As people continue to migrate and accelerate their relocation plans, we’ve seen favorable demographics as a key indicator for finding the best deals. We’re going through some short term bumps in the road, but there’s so much momentum in the Sun Belt markets that, mid to long term there will be renewed job growth and the influx of new residents will help insulate us from a lot of the supply wave. People want to be where the weather is good and the tax environment is friendly.

Focus on Operations

A key part of your underwriting & business plan in 2023 will be honing in on asset management and operations to make sure that these properties are performing in our are cash flowing. We’re putting an emphasis on expense discipline in an inflationary environment. We want to control our variable expenses to make sure that we’re allocating and distributing every dollar that's coming from your rent growth down to the bottom line and going directly to our investors.

Blue Lake Capital has always operated with a value add strategy. What that comes down to is simply how we manage our assets. How much income can we get out of a property, and a lot of that comes down to just simply how we’re managing it. It's the simple things of operational strategy; how do we engage a prospect, looking at the resident experience to drive retention, that's what will lead to great reviews, which in turn will drive to your property.

All of these things are critical pieces that we try to analyze up front when looking at an asset. The financials speak for themselves, but we’re looking for the story about how the operations are performing.

Key Takeaways:

  • First and foremost, continue to look at the big picture. There’s a lot of volatility in rates and cash flows, so there will be some bumps, but continue to focus on the long term.
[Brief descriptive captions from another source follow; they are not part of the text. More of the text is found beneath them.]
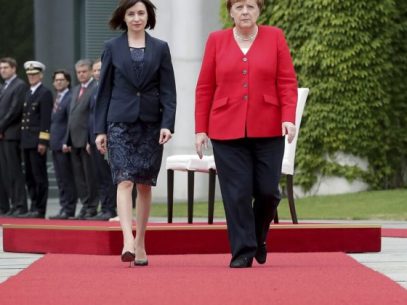 VIDEO / PM Sandu’s Statements After Meeting with Angela Merkel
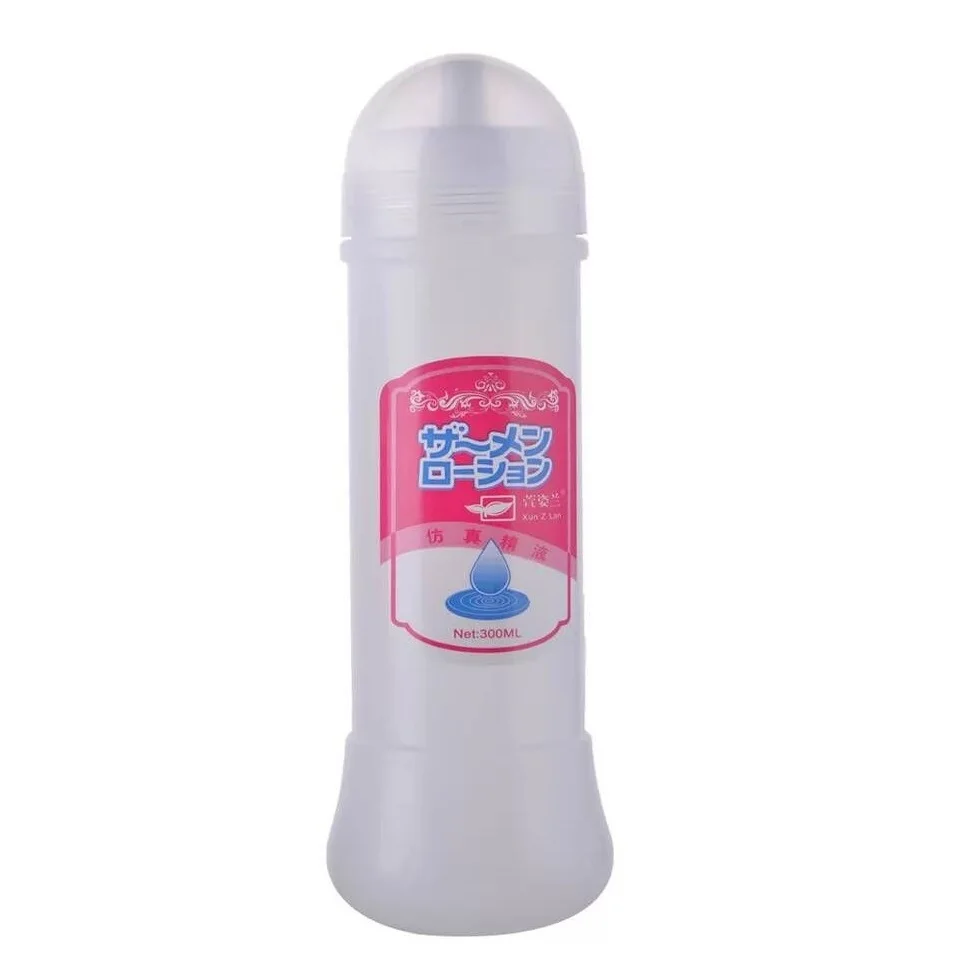 

300ML Japan Av Lubricant Lubrication Water Base Personal Sex Oil Sexual Lubrication Anal Sex Vaginal Simulate Semen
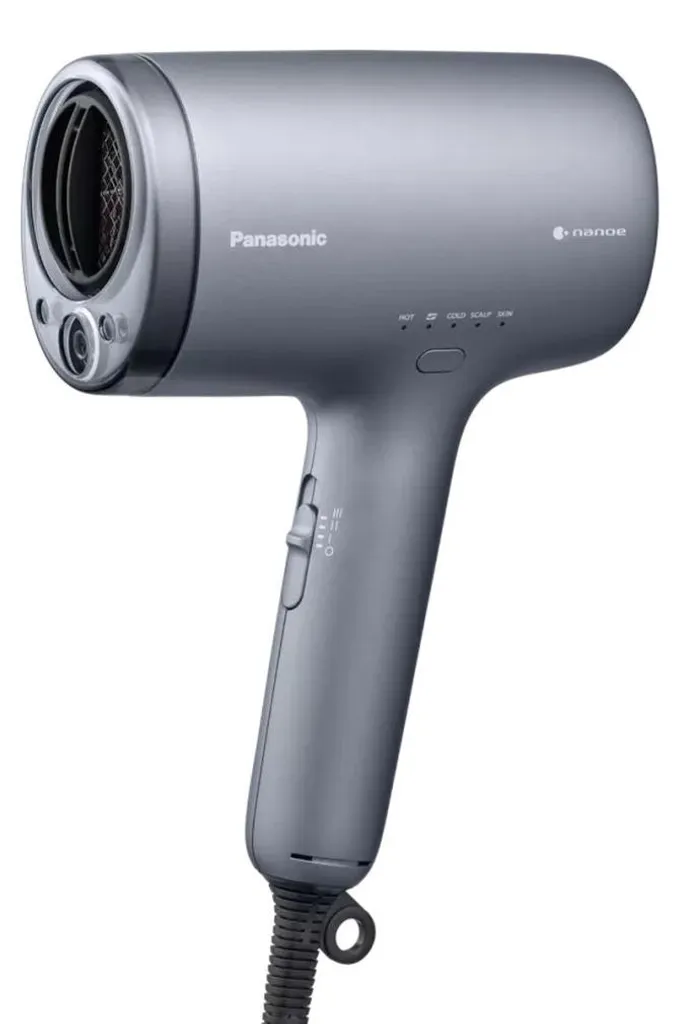 Panasonic EH-NA9N Gris Sèche-cheveux Nanoe 1600W avec Boucle de Suspension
  • Stay the course with you plan and make sure your investment goals align with your expectations, but if you continue looking at the long term the appreciation is going to be there.

  • From the owner/operator side, focus on the operations. That’s going to be critical. The numbers will follow, but to really provide superior risk adjusted returns for your investor base it's all going to come down to a lot of asset management.

  • When looking at acquisitions, it all depends on how you buy the property. You want to make sure to do your due diligence. Be conservative with your underwriting and make sure that you don't forget about honing in the operational structure and the expense load more specifically.

At the end of the day, we feel that market volatility is likely to be with us for some time, but we plan on staying the course and focusing on strong fundamentals.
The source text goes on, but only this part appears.